You Don't Need A Pilot License To Fly This Jetson Aircraft (And That's Terrifying)
The Jetson ONE might look like something from a sci-fi cartoon, but beneath its cartoonish facade lies a craft with the credentials to be a practical personal aerial vehicle. The Jetson is a lightweight eight-propellered aircraft that boasts a flight time of 20 minutes, a maximum ceiling of 1,500 feet, and a top speed of 63 mph. It's also worth noting that this is not a vague concept sitting unrealized on an engineer's computer. Jetson is a going commercial concern with a healthy order book that, earlier this year, delivered its first aircraft to Oculus founder Palmer Luckey.
The aircraft is classified as an electric vertical takeoff and landing aircraft (eVTOL), and at the time of writing, there are over 600 orders for the Jetson ONE. Perhaps the scariest thing about the craft is that the company claims anyone can become a pilot in under five minutes and can fly it without a pilot's license. To understand why you're allowed to zoom about the sky in a craft that Jetson describes as a "Formula One car for the sky", we need to look at FAA Regulation Part 103.

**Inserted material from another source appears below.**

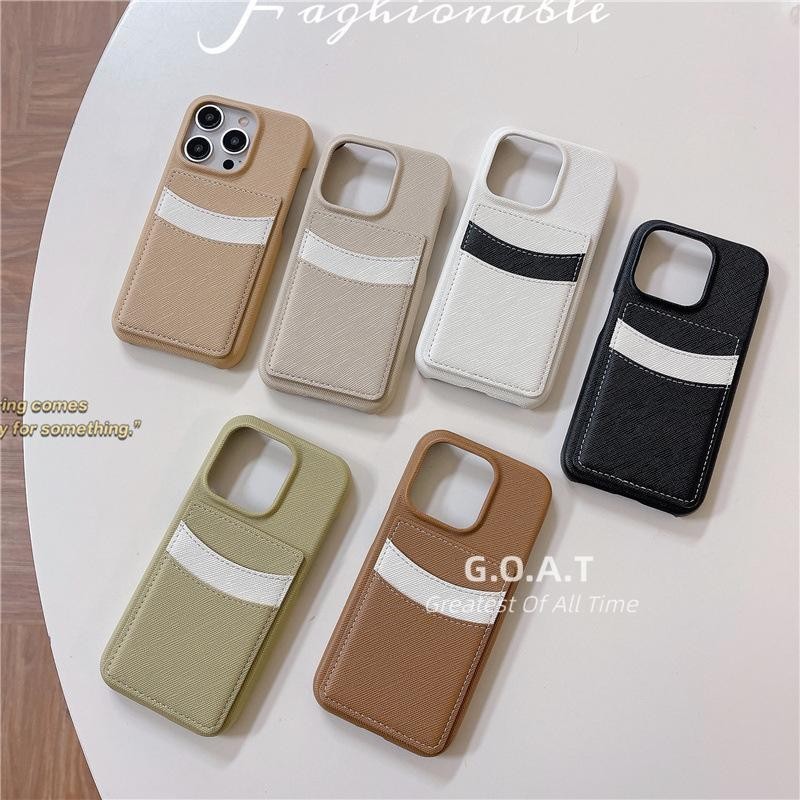 Goat กระเป๋าการ์ดปิดกั้นสีส่วนบุคคลหนังเข้ากันได้สําหรับ iphone 11 15 12 13 14 iphone เคสโทรศัพท์มือถือป้องกันการล่มสลาย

This stipulates that for a powered aircraft to be classified as an ultralight (no pilot's license is required to fly an ultralight), it has to weigh less than 254 pounds. As it happens, the Jetson ONE weighs in at a rather convenient 253 pounds. And, as we discover next, this isn't the only metric where the Jetson ONE plays with the ultralight limits.
The loophole, the rules, and why this is all legally allowed
The 253-pound weight of the Jetson ONE is either a feat of precise engineering or some formidable luck. But, the weight of an aircraft is only one metric that the Jetson ONE had to meet to be classified as an ultralight, and it isn't the only example of where the Jetson ONE only just landed within the regulations. FAA Part 103 regulations also stipulate a top speed of 55 knots (63 mph). The Jetson eVTOL has a software-limited top speed of 63 mph, presumably set to exactly match this. The regulations also state that an ultralight must be intended for a single occupant only, which is another box the Jetson ONE happily ticks.
However, for us ground travellers, the good news is that skies above our cities are unlikely to become full of Jetson-flying commuters skipping the traffic jams. The same regulation that defines what constitutes an ultralight also dictates where and when these aircraft can be flown. More specifically, Part 103.15 states that no person may fly an ultralight aircraft over any congested area of a town, or over any area where there is an open-air assembly of people. So, we're unlikely to see them zooming people to and from their workplaces just yet.
Ultimately, while the Jetson ONE may not be an actual flying car like the Chinese XPENG, it is bringing the dream of personal flying machines closer to reality.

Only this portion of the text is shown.